Professor Mark L. Knapp of the University of Texas identified 10 interaction stages of interpersonal relationships. The first five stages cover relational development, the process by which relationships grow:
1. Initiating is stage 1, the short beginning period of an interaction. This stages involves first impressions, the sizing up of the other person, and attempting to find commonality. An example would be "scouting" at a party, where you might break off the initiating stage when you don't find what you are seeking in the person you have just met. If this first stage goes well, you might move to stage 2 in a first meeting.
2. Experimenting occurs when the two people have clearly decided to find out more about each other, to quit scouting, and to start getting serious about each other. This stage includes sharing personal information at a safe level.

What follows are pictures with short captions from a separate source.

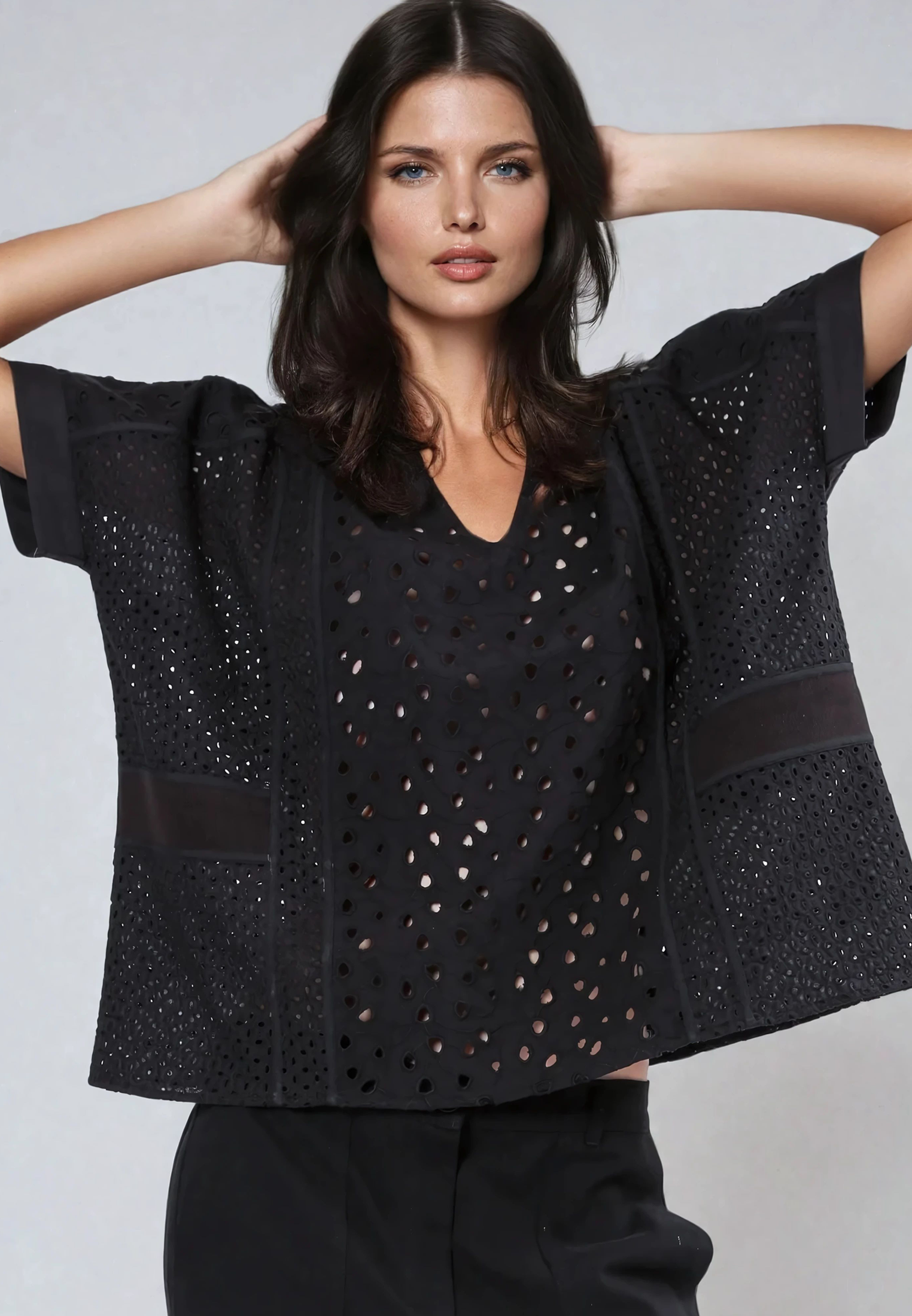 TOPAZ TOP BLACK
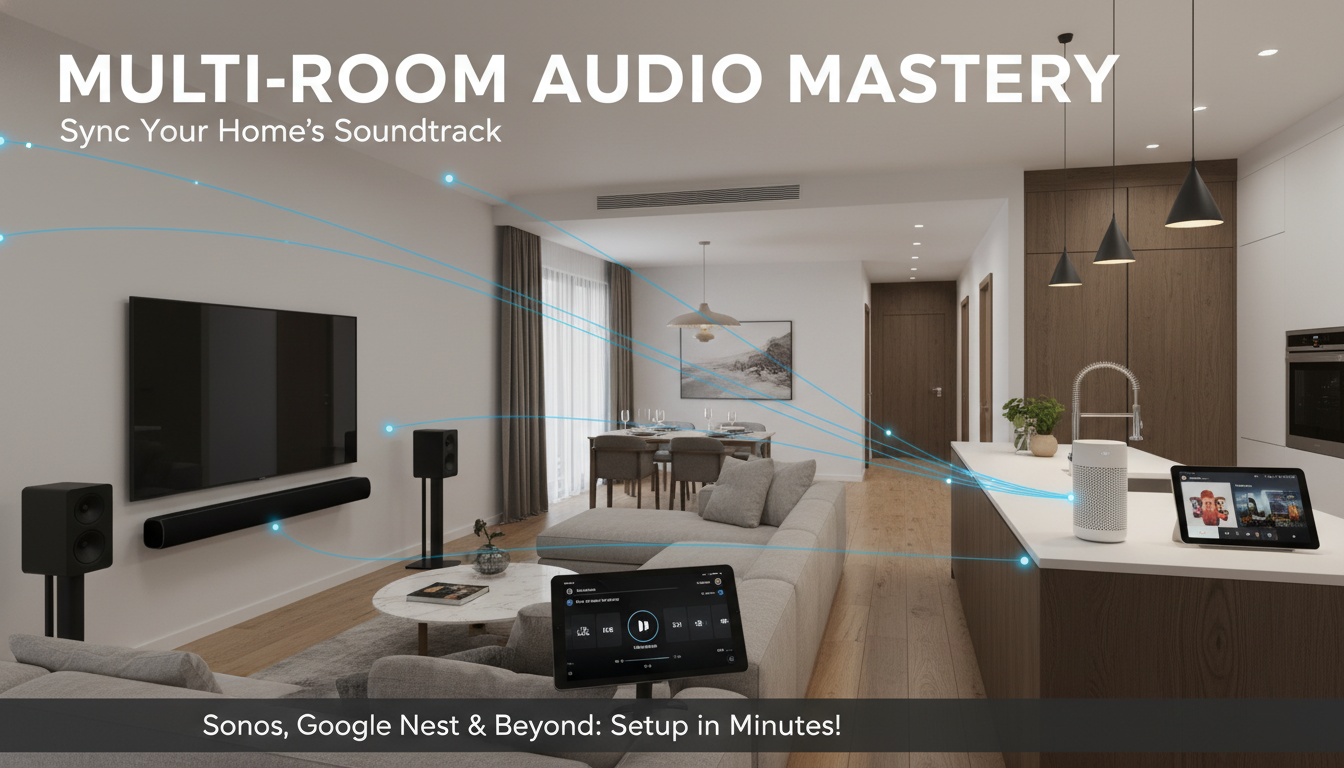 How to Control Speakers in Different Rooms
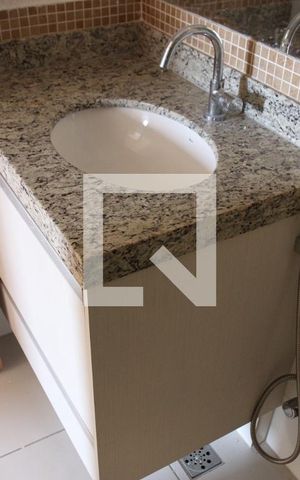 Apartamento para alugar com 61m², 2 quartos e 1 vagaBanheiro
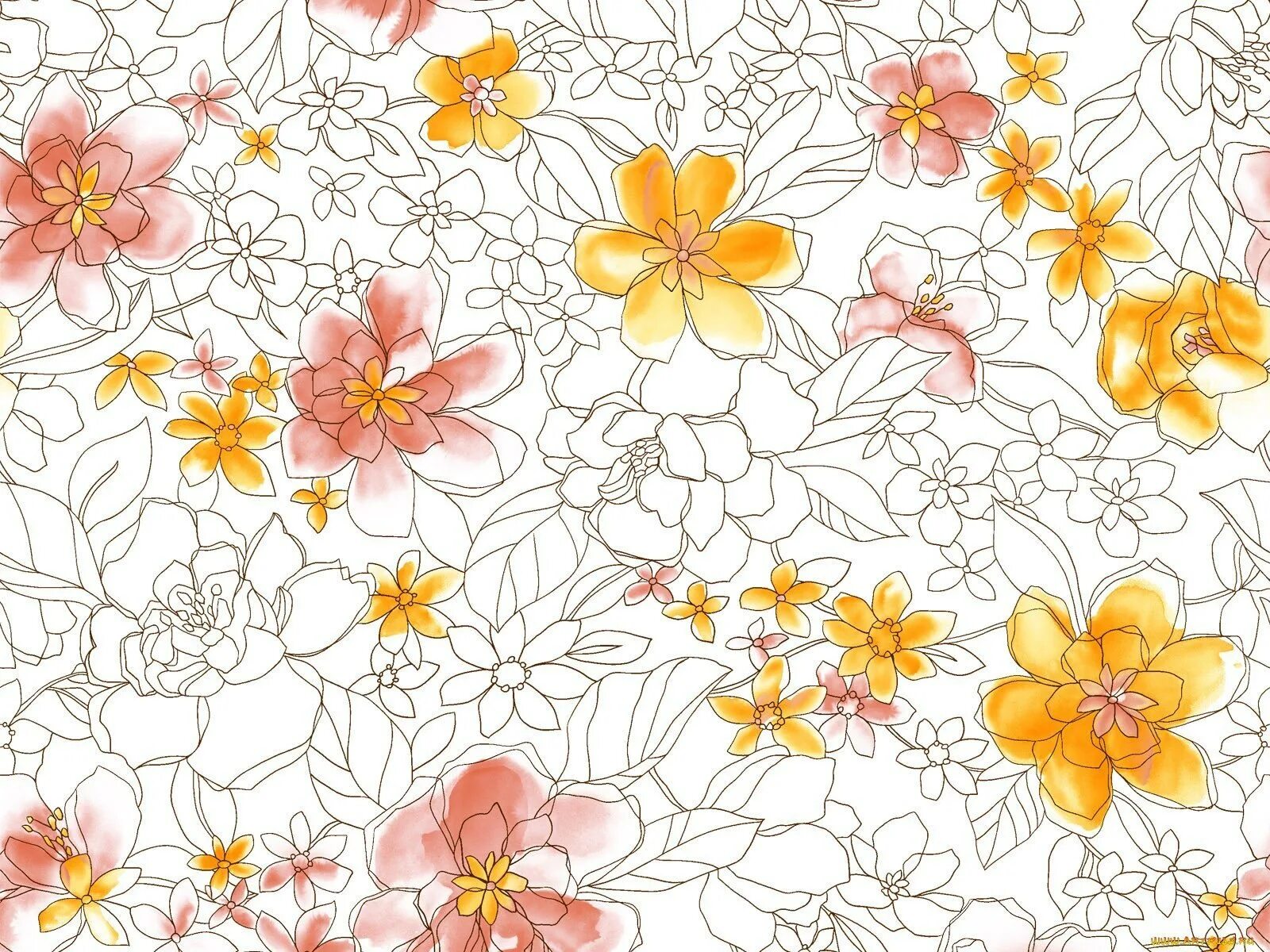 Рисованные паттерны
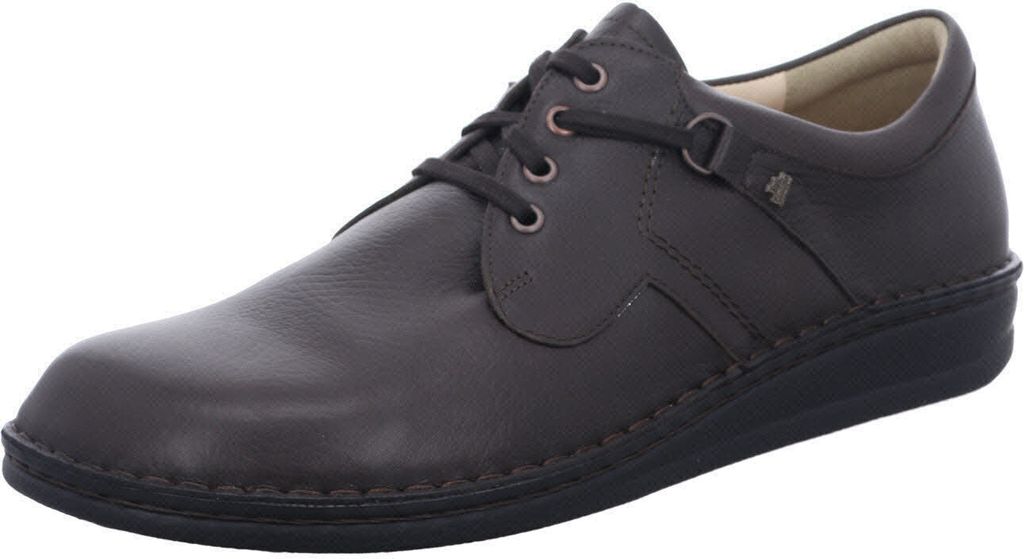 Scarpe stringate comfort da uomo in marrone Immagine del prodotto 
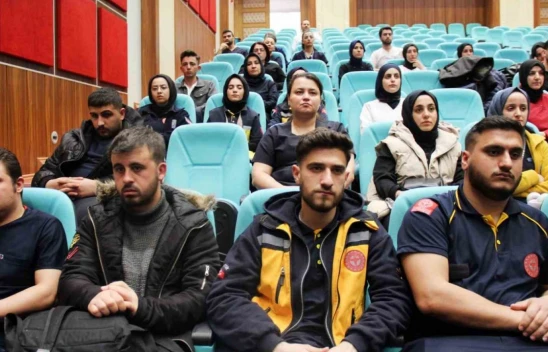 Elazığ'da 'beyin ölümü, organ doku bağışı ve nakli' konferansı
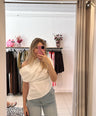 Julia's off shoulder white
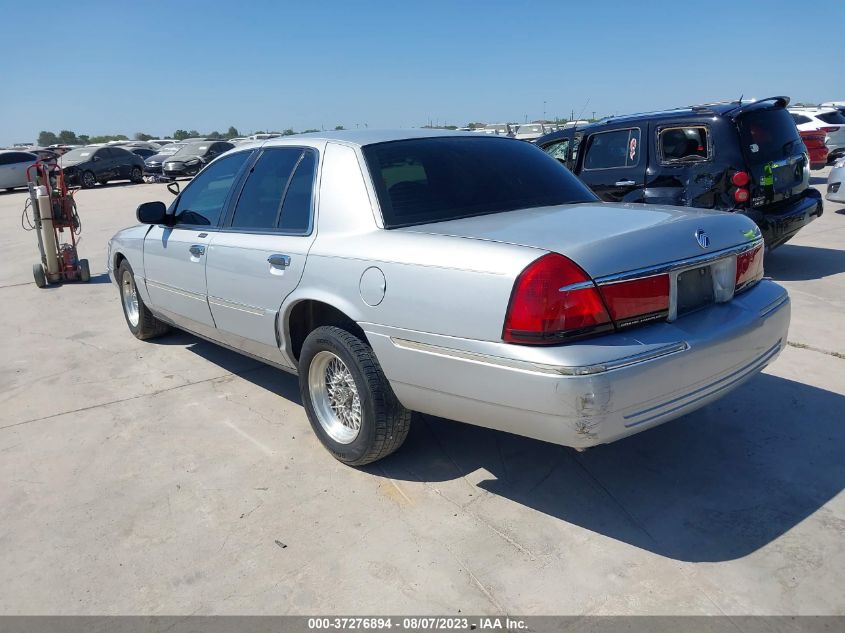 Photo 2 VIN: 2MEFM75W5XX708193 - MERCURY GRAND MARQUIS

3. Intensifying involves active participation, mutual concern, and an awareness that the relationship is developing because neither party has broken it off and both people are encouraging its development. The information exchanges get more personal and more intimate. Both are comfortable with each other, use private jokes and language, and express commitment.
4. Integrating means the two start mirroring each other's behavior in manner, dress, and language. They merge their social circles, designate common property, and share interests and values. They know more about each other than does anyone else, except long-term best friends, and others see them as a pair.
5. Bonding is the final stage in relational development -- the people in the relationship commit to each other. They may exchange personal items as a symbol of commitment; they may participate in a public ritual that bonds them; or they may vow to be friends for life and demonstrate that commitment by always being present at important points in each other's life. Living together, marrying, having children, buying a home, or moving in together are examples of bonding.